Welcome to Belle Fourche
Belle Fourche (pronounced bel-FOOSH) is a city in and the county seat of Butte County, South Dakota, United States. Belle Fourche is the site of the geographic center of the fifty United States. Belle Fourche (French for "beautiful fork") was named by French explorers when this area was owned by France, for the confluence of what is now known as the Belle Fourche and Redwater Rivers and the Hay Creek. Beaver trappers worked these rivers until the mid-19th century, and Belle Fourche became a well known fur trading rendezvous point. During and after the gold rush of 1876, farmers and ranchers alike settled in the fertile valleys, growing food for the miners and their work animals. At the same time, the open plains for hundred of miles in all directions were being filled by huge herds of Texas and Kansas cattle.

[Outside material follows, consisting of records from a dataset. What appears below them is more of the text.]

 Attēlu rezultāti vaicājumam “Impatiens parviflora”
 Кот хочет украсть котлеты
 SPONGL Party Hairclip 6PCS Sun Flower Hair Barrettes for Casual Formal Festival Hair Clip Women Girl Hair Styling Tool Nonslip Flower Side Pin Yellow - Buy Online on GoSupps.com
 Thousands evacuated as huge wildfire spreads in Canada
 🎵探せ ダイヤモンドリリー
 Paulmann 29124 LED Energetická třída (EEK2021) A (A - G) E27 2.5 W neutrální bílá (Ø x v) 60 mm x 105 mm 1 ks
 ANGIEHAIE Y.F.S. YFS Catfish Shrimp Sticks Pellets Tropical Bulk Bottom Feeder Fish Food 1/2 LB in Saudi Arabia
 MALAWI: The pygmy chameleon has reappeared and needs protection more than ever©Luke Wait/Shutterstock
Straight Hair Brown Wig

Knowing the cattle barons and the railroad would need a point at which to load the herds of cattle onto freight cars for shipment to the packing plants in the Midwest, Seth Bullock provided a solution and became the parent, in effect, of Belle Fourche, the city. After serving in the Montana legislature in 1871-1873 (and being instrumental in the establishment of a National Park at Yellowstone), he had come to the Black Hills to cash in selling supplies to the Deadwood miners, arriving August 2, 1876, the day Wild Bill Hickok was murdered. During the next 14 years, Bullock acquired land as homesteaders along the Belle Fourche River "proved up" and sold out.
When the railroad came to the Hills and refused to pay the prices demanded by nearby township of Minnesala, Bullock offered the railroad free right-of-way and offered to build the terminal if the railroad would locate it at a point on his land near where the present Belle Fourche Livestock Exchange exists. In 1890, the first train load of cattle headed east. By 1895, Belle Fourche was shipping 2500 carloads of cattle per month in the peak season, making it the world's largest livestock shipping point.

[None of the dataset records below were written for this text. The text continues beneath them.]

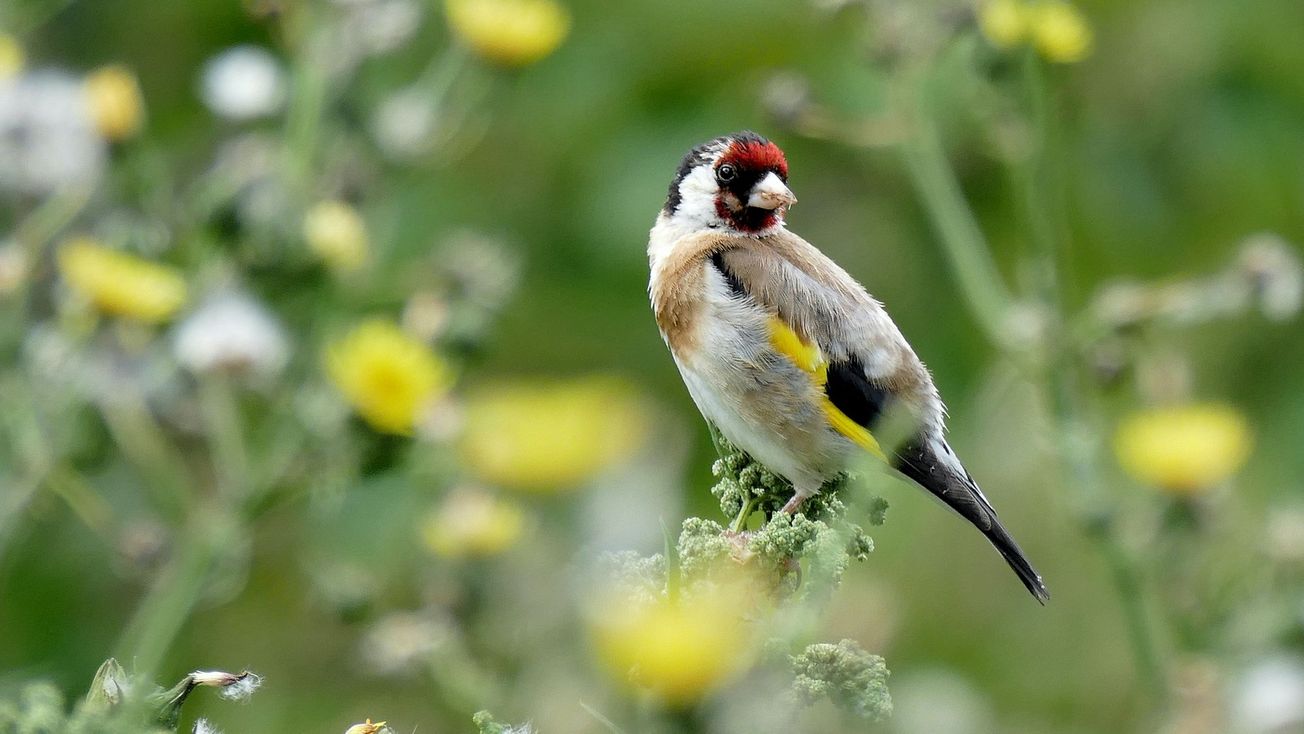 RSPB Big Garden Birdwatch: SOS from Bristol’s birds
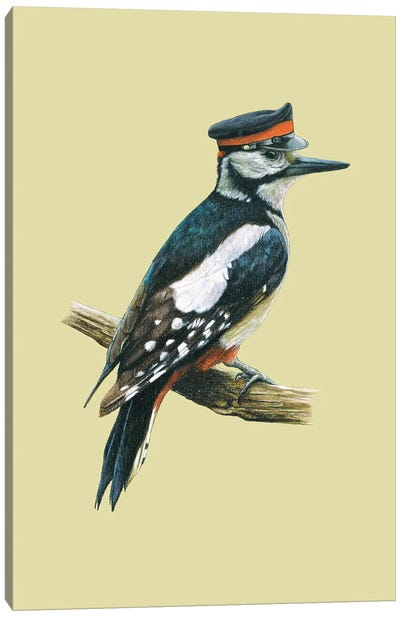 Great Spotted Woodpecker Canvas Art Print - Woodpecker Art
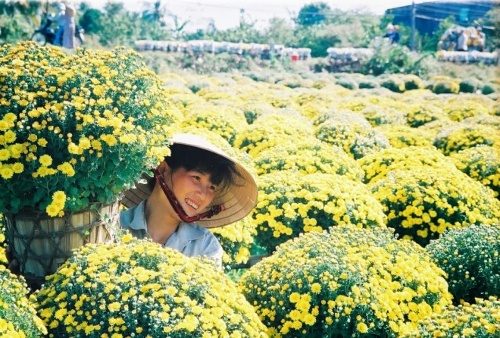 Làng hoa Cái Mơn khoa sắc chờ Tết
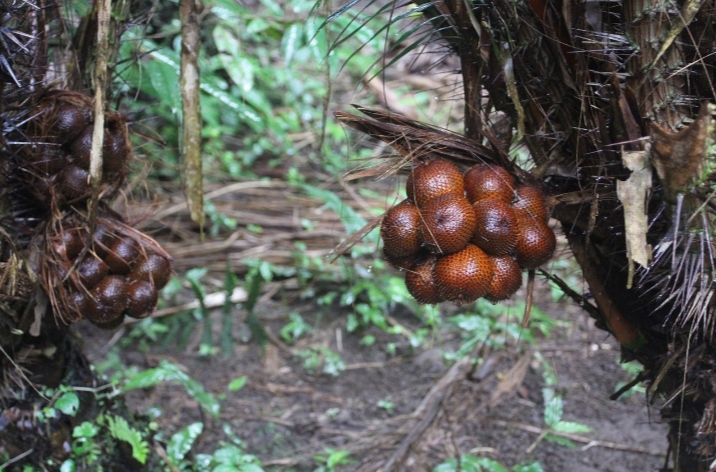 Selain Dapat Menurunkan Berat Badan Berikut Manfaat Buah Salak Untuk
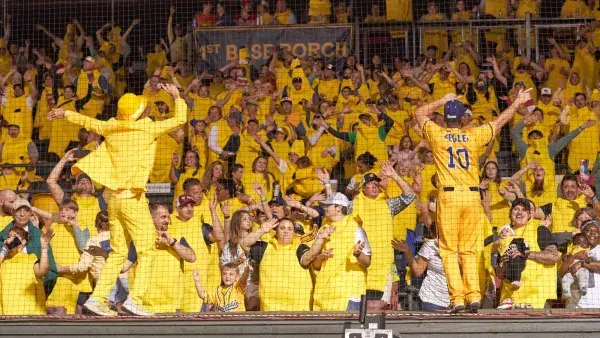 Savannah Bananas. Savannah Bananas' baseball team.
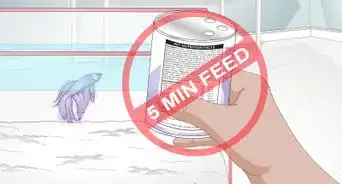 Feed a Betta Fish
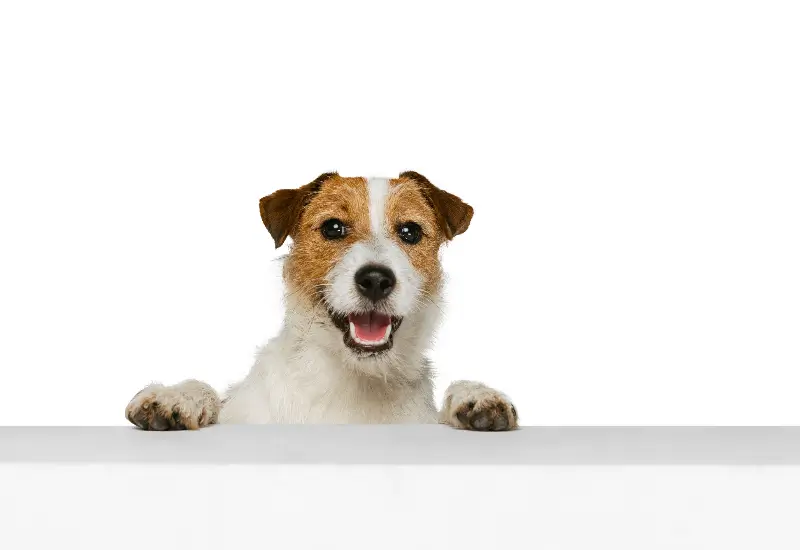 Dog building confidence and overcoming fears at K-9 University in Plano & Garland, TX.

After winning a competition with Minnesela over the railroad which now goes through Belle Fourche, Bullock's town went on to win the county seat in the election of 1894; still, cowboys rode into Minnesela and stole the county books. Belle Fourche today serves a large trade area of ranches and farms. The wool, cattle, and bentonite industries have been important to the growth of Belle Fourche. Belle Fourche serves gateway to the Northern Black Hills.

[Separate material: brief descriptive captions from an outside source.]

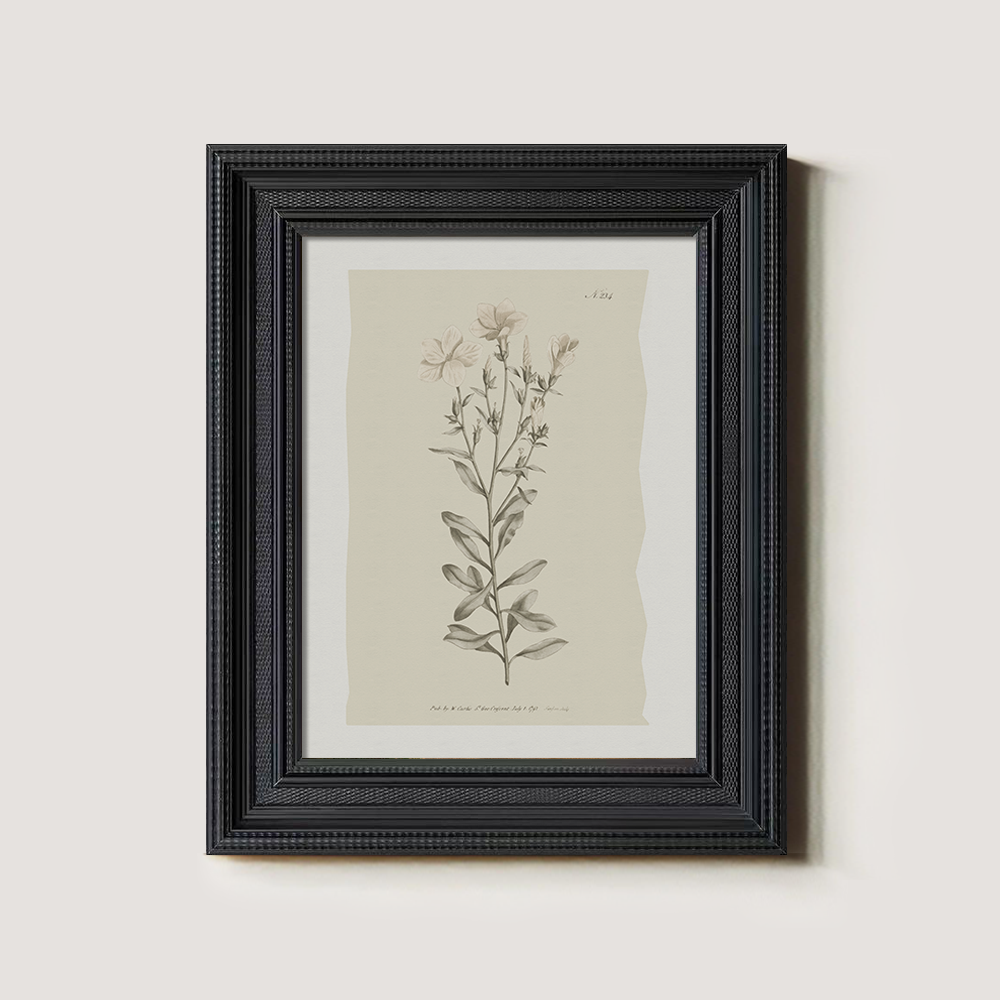 Vintage Epilobium Montanum Botanical Etching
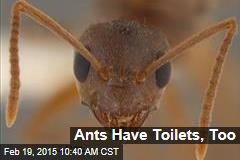 Ants Have Toilets, Too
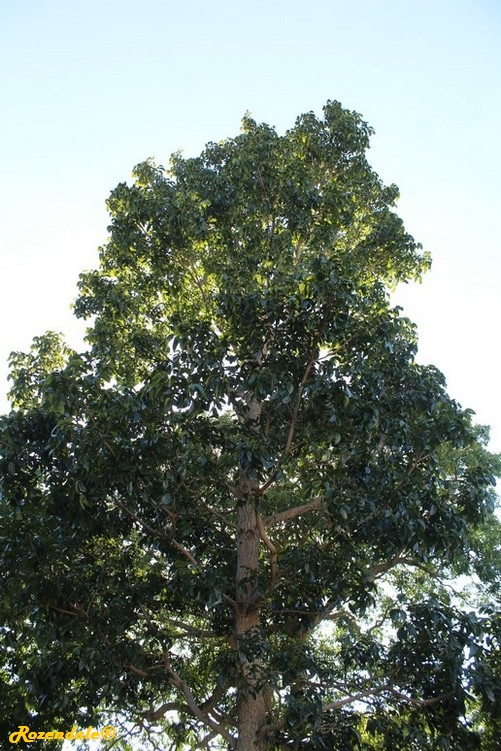 Detail image , , , , 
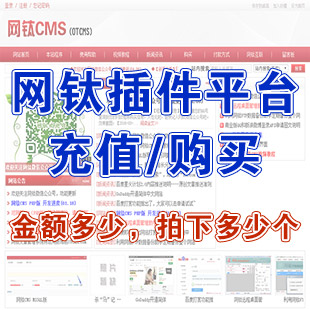 網(wǎng)鈦插件平臺(tái)充值/購買，金額多少拍下多少個(gè)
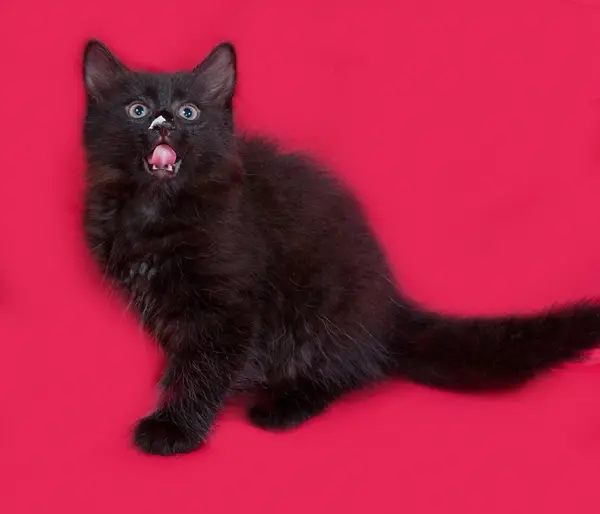 Small fluffy black kitten sitting on red — Stock Photo, Image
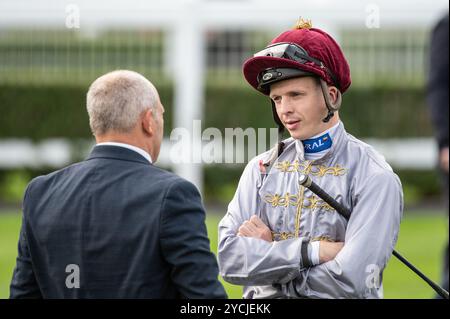 Newmarket, Großbritannien. Oktober 2024. David Probert wird im Paradering vor den Aston Martin Novice Stakes gesehen. Der Two-Year-Old Day ist ein Pferderenntreffen, das auf den Newmarket Racecourses stattfindet, bei dem sechs der sieben Wettbewerbe ausschließlich für Pferde in der ersten Rennsaison stattfinden. Quelle: David Tramontan / Alamy Live News Stockfoto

In 1959, the U.S. Coast and Geodetic Survey officially designated a point 20 miles north of Belle Fourche as the Geographic Center of the United States. It is the center of the nation because the admission of Alaska and Hawaii to the United States moved the location of the official center of the nation. As of the census of 2000, there were 4,565 people, 1,854 households, and 1,186 families residing in the city.